Мне, как уже говорилось, не доводилось встречать жену доктора Ландау, ту самую ужасную женщину, так злившую мать Гавриэля Луриа, зато я частенько видал по дороге в библиотеку докторскую дочку, выходившую из ворот дома то в одиночестве, то в компании «польского филина», пианиста Пауля Дорнау, то опиравшуюся на руку отца.

До сего дня я не знаю, что подразумевал сочинитель стиха «Всевышний вынул солнце из ножен»[4], но тогда, по дороге в библиотеку Бней-Брит, когда внезапно распахнулись зеленые железные ворота и из них вышла докторская дочка, я почувствовал, что означают эти слова: при виде нее и при звуке ее голоса мир наполнился светом и стал шире, выше, свободнее и краше. Дело было в основном в ее больших карих глазах и очаровательной улыбке, говорившей каждому встречному мальчишке, что все, чего он хочет, и все, что он делает, — хорошо. Иногда у железных ворот как раз к моменту ее выхода оказывалась машина старого судьи, и шофер Дауд ибн Махмуд выскакивал и с великим почтением открывал перед нею дверцу. Иной раз Дауд ибн Махмуд подвозил пианиста Пауля Дорнау или кого-то из прочих ее друзей. Годы спустя после исчезновения из библиотеки Бней-Брит маленького библиотекаря, когда Гавриэль вернулся из Парижа, дочка доктора Ландау почти ежедневно появлялась у двора нашего дома, чтобы куда-нибудь подвезти Гавриэля в судейской машине. Однажды я сказал Гавриэлю, что на самом деле складывается впечатление, будто Дауд ибн Махмуд служит шофером не у старого судьи, а у дочери доктора Ландау, которая в великой милости своей соизволяет предоставить машину вместе с ее водителем в распоряжение старика.

— Почему бы и нет? — сказал Гавриэль. — Ведь она его дочь. Дочь судьи Дана Гуткина — знаменитая Орита.

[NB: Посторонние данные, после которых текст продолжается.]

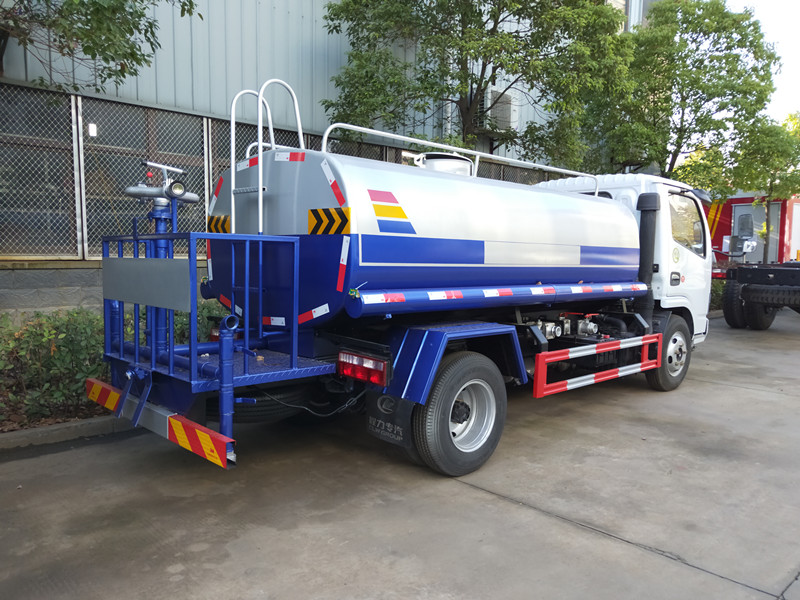 东风洒水车厂家直销 绿化洒水车 程力5吨洒水车厂家价格 东风洒水车厂家直销 绿化洒水车 程力5吨洒水车厂家价格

В один миг вся картина приобрела совершенно непредвиденную окраску. Если она — дочь старого судьи, следовательно, она не дочь доктора Ландау.

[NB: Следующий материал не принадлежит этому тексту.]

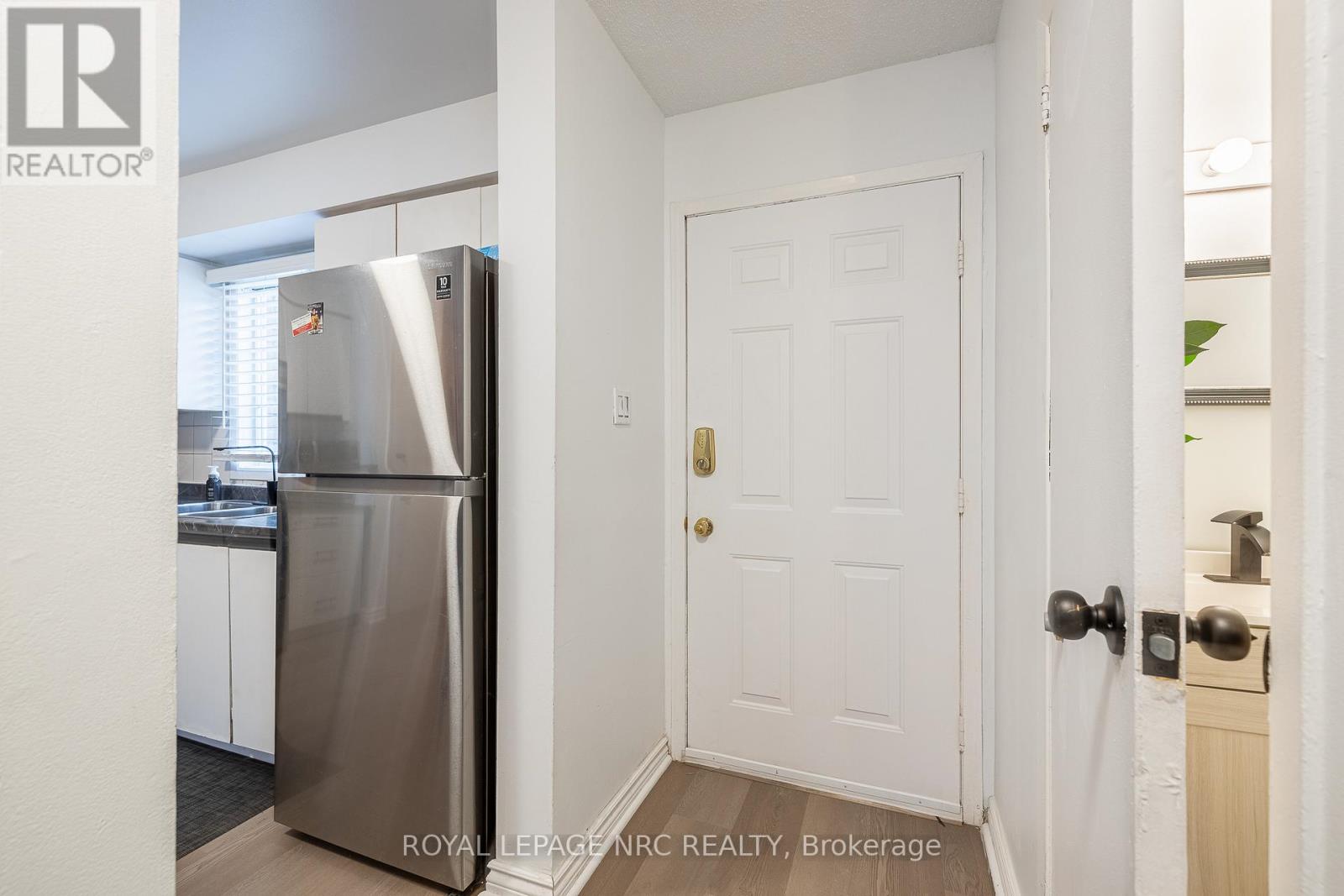 63 - 8136 Coventry Road, Niagara Falls, Ontario  L2H 2X6 - Photo 5 - X12691172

— Так что же она делает все время в доме доктора Ландау? — спросил я Гавриэля.

— Тот же в точности вопрос, — сказал Гавриэль с улыбкой под квадратными усами, — задавал друг моей юности Срулик в письме, в котором он сообщал мне о замужестве Ориты. Года через два-три после моего отъезда в Париж Орита Гуткин вышла замуж за доброго друга своего отца — за великого глазного врача. Что делает Орита Гуткин в доме доктора Ландау? Я представляю себе, что она делает все то, что делает женщина в своем доме. Госпожа Орита Ландау. Да. Орита. Что за имя такое! Можно подумать, что старик судья решил дать дочери современное ивритское имя, но в сущности он имел в виду древнюю идею, из которой песочек сыплется: когда она родилась, папаша был погружен в чтение Книги Зогар[5] и собирался, судя по всему, дать ей сияние и свет, содержащиеся в имени Орит, дабы победить тьму Лилит[6]. Все это выглядит сплошным дурачеством, все эти внутренние смыслы с именами и без оных. Меня это совсем не трогает, но есть люди, придающие колоссальное значение именам вообще и своим именам в частности. Орита всегда любила свое имя. Когда в письме Срулика до меня дошла весть о браке Ориты с врачом, который был старше нее на двадцать шесть лет, я вовсе не удивился. Еще до того, как я уехал в Париж, а в сущности, еще тогда, когда мы учились в семинарии, я чувствовал, что между ними что-то происходит, но только на прощальной вечеринке, устроенной для меня, я получил этому подтверждение из ее уст.

Итак, в ту ночь прощания с Гавриэлем, отбывающим в Париж для занятий медициной, вспыхнула искра и начались, таким образом, те великие дни, дни доброй надежды Исраэля Шошана, лучшего друга Гавриэля Луриа. Когда Орита Гуткин вышла на балкон в сопровождении доктора Ландау, она рассуждала, конечно, о художниках и о живописи, ведь в те дни всякий предмет, не связанный с искусством живописи, вызывал у нее зевоту. Странное слово «кубизм», постоянно мелькавшее в потоке ее речи, возбуждало в ней особое, вызывавшее в ее глазах искры восторга наслаждение. Кто не кубист, тот не художник, и всякое искусство, не основанное на кубизме, — не искусство. Доктор Ландау внимал ей, тревожно наморщив лоб. Было видно, что его затруднение лишь возрастает с каждой искоркой воодушевления, сверкавшей из-под ее ресниц.